La ceguedad que ha reinado en este punto se acerca mucho a delirio. Vea Vd. otra de las disculpas de la comisión que ha precipitado a las Cortes en el abismo de este decreto. «La comisión (dice el señor Argüelles) fue detenida y mirada, porque ha querido aplicar en todo el rigor posible los principios más liberales, sin comprometer por eso la tranquilidad y contento de toda la monarquía»... La comisión bien hubiera deseado que circunstancias particulares, mejor conocidas de los señores diputados por América que de los de la Península, le hubiesen permitido, u omitir el artículo, o concebirle en términos, ya que se quiere llamar así, más liberales». ¡Esto sí que es raro! La razón dicta que las castas seguirán a quien las honre, y se volverán contra quién las injurie. Los diputados de América que conocen bien a su país, y que naturalmente debían suponerse preocupados contra ellas,dicen que la América se pierde si no se les hace justicia; y la comisión se disculpa de su iliberalidad, con la misma necesidad que está clamando porque no incurran en tan grande injusticia.
Pero, Señor, las preocupaciones... «La comisión (continúa el señor Argüelles) desearía haber presentado en todo su proyecto la más cumplida uniformidad. Mas ¿podía hacerlo? ¿Tenía a su disposición los medios de dirigir las opiniones, las ideas recibidas y arraigadas con la educación y con muchos años? ¿De destruirlas o de transformarlas? ¿Es culpa suya no hacer el mayor de los imposibles? Mas bien es digna de compasión que de ser tachada de iliberal». ¡Pobrecita!

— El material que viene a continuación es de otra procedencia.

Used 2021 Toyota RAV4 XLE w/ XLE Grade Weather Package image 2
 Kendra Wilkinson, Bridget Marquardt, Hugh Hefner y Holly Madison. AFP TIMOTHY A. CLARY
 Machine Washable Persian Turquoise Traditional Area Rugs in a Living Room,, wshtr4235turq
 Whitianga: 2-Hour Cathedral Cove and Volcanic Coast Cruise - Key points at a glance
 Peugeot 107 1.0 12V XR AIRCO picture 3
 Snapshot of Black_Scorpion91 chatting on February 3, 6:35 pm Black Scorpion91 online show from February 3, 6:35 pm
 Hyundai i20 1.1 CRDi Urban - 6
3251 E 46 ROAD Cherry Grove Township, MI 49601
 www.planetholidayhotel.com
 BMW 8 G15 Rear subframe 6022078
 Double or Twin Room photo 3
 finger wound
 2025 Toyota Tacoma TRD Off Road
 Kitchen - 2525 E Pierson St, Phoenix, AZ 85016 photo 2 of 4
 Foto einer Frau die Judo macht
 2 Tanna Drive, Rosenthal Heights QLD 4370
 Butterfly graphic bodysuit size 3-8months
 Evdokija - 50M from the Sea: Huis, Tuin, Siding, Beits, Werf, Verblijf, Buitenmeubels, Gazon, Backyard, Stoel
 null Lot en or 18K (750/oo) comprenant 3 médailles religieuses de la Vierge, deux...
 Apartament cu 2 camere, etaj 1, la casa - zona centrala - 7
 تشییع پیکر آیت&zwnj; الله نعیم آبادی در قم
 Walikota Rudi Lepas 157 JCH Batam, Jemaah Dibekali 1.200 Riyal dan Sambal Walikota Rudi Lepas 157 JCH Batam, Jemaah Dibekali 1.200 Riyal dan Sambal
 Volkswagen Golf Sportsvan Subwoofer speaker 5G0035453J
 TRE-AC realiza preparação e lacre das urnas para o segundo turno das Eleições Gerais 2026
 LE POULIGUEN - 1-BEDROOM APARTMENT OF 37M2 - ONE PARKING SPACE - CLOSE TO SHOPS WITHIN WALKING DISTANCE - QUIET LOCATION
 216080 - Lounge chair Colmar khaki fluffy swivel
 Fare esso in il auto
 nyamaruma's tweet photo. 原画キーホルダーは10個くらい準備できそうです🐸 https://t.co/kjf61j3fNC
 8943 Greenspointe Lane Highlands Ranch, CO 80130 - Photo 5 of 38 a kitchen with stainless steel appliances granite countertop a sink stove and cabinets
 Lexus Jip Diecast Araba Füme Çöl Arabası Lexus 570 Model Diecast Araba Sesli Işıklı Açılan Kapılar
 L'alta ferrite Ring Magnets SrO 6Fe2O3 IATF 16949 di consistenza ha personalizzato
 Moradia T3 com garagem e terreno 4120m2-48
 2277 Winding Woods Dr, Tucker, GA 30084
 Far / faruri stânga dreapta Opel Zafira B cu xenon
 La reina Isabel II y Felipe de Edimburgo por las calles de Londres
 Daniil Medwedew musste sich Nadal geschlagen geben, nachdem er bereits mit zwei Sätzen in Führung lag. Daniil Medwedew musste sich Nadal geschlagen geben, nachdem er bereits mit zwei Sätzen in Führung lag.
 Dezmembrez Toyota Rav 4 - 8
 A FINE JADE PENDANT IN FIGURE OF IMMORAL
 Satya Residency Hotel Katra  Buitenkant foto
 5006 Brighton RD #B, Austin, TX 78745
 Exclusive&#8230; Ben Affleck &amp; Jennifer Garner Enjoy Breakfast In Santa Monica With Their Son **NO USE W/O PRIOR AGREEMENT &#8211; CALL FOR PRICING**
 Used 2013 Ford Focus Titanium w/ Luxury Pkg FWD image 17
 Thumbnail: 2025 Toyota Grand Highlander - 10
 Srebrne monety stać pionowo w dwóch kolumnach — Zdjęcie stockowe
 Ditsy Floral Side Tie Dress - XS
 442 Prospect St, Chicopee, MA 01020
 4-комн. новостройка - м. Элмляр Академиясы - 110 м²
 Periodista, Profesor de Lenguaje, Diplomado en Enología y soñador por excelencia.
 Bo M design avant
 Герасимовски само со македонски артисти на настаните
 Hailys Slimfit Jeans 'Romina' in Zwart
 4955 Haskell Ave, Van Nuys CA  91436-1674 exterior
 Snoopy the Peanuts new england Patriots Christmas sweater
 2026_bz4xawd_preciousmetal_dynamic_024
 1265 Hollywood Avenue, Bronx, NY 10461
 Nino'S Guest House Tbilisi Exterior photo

En efecto como se le había de pedir que después de consumir las fuerzas que le dejó libre su ternura, en atacar las instituciones más arraigadas en los cimientos primitivos de la monarquía, provocando a odio del nuevo orden de cosas a las clases de más poder, y al rey, que es el primer privilegiado, y esto a despecho de las más violentas preocupaciones, tuviese valor para empezar su puesta a minar otras, en favor de los pobres descendientes de africanos.
Si uno pudiera burlarse con cosas que tan de cerca conciernen a la felicidad de una nación grande y noble como la española, lances hay que provocan a ellos. ¿Vd. no sabe, Señor Editor, que tan ágiles son los filósofos políticos de las Cortes en manejar las preocupaciones, que el Congreso de la nación española está declarado redondamente por hereje, por uno de los tribunales religiosos legalmente constituidos, y de más opinión e influjo en los estados de la monarquía española?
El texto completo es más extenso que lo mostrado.